Ce n’est évidemment pas la première fois que se trouve dénoncé cet état de fait et ses conséquences potentielles dramatiques. Mais François Morin innove en appuyant sa démonstration sur des données chiffrées et des ordres de grandeur qui concrétisent parfaitement la menace qui plane sur nos têtes, et qui donnent le vertige. Un seul chiffre devrait suffire à nous convaincre de la démesure du secteur financier : pour l’année 2012 le total du bilan des 28 banques systémiques – telles que définies par le G20 – est pratiquement égal au total de l’endettement public mondial soit environ 50 mille milliards de dollars ! Mais le plus angoissant reste encore le hors bilan avec une des clés de l’instabilité monétaire et financière internationale – j’ai nommé les produits dérivés – qui totalisaient plus de 710 mille milliards de dollars d’encours notionnels en 2013 soit pratiquement dix fois le PIB mondial ! Ce sont eux qui sont à l’origine des différentes crises survenues depuis le milieu des années 1990 et pourtant, leur développement, comme on peut le constater sur le graphe ci-dessous, est loin d’être restreint.
Ce que l’auteur démontre
dans son ouvrage c’est que les banques systémiques occupent des positions
dominantes sur plusieurs marchés fondamentaux de la finance globale.

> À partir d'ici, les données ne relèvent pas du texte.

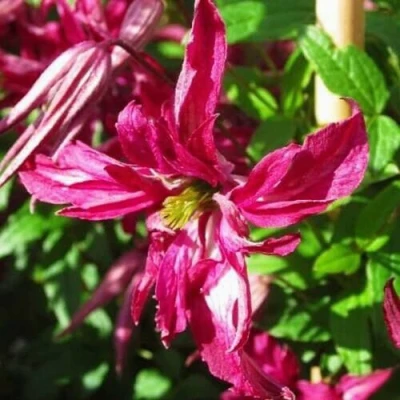 Клематис РОЗАЛИН в Челябинске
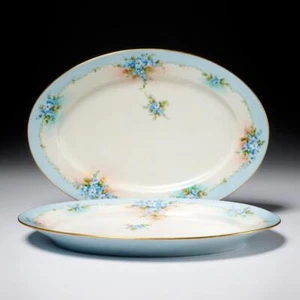 Forget Me Nots Hutschenreuther Blue Floral Porcelain Oval Serving Platter Pair - Picture 1 of 8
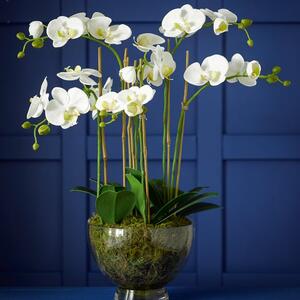 Artificial Grand Phalaenopsis Orchids Centrepiece in Vase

Il met en
évidence les liens d’interdépendance entre les membres de cet oligopole
bancaire, tant financière – à travers notamment les CDO ou les CDS – qu’institutionnelle,
à travers leurs participations aux institutions internationales. Tout cela leur
donne la capacité réelle de déstabiliser la planète entière à travers leurs abus
qui ont été mis en évidence lors des nombreux scandales révélés ces derniers
temps : subprimes, manipulation du Libor, du marché des changes ou des
produits dérivés. Ce fonctionnement frauduleux est à l’origine du
surendettement public actuel et les amendes que se sont vues infliger certains
établissements ne changeront rien aux pratiques en vigueur.
Le constat étant
fait, on en arrive à la question fondamentale de savoir si nous avons les
moyens d’éviter le scénario catastrophe qui se profile à l’horizon, provoqué
soit par l’éclatement de la bulle obligataire ou du marché des actions, soit
par la faillite d’une banque systémique ou par un bankrun, et qui verrait toutes les
tensions internes et géopolitiques existantes et pour le moment, contenues, provoquer
des affrontements en tout genre. François Morin propose une solution pour remédier
aux graves dysfonctionnements de la finance : la mise en place d’une monnaie
commune internationale et la réintroduction des taux de change fixes. Mais
comme il l’écrit lui-même, cela « suppose
une communauté internationale suffisamment rassemblée pour définir ses intérêts
collectifs ». On peut toujours rêver !
S’il fallait trouver une critique à faire à cet ouvrage indispensable, ce serait d’avoir traité très – trop ? – rapidement la question du shadow banking et de ne pas avoir parlé du rôle des chambres de compensation comme Clearstream sans qui – sauf erreur de ma part – les banques ne pourraient procéder à leurs opérations habituelles, hors de tout contrôle démocratique.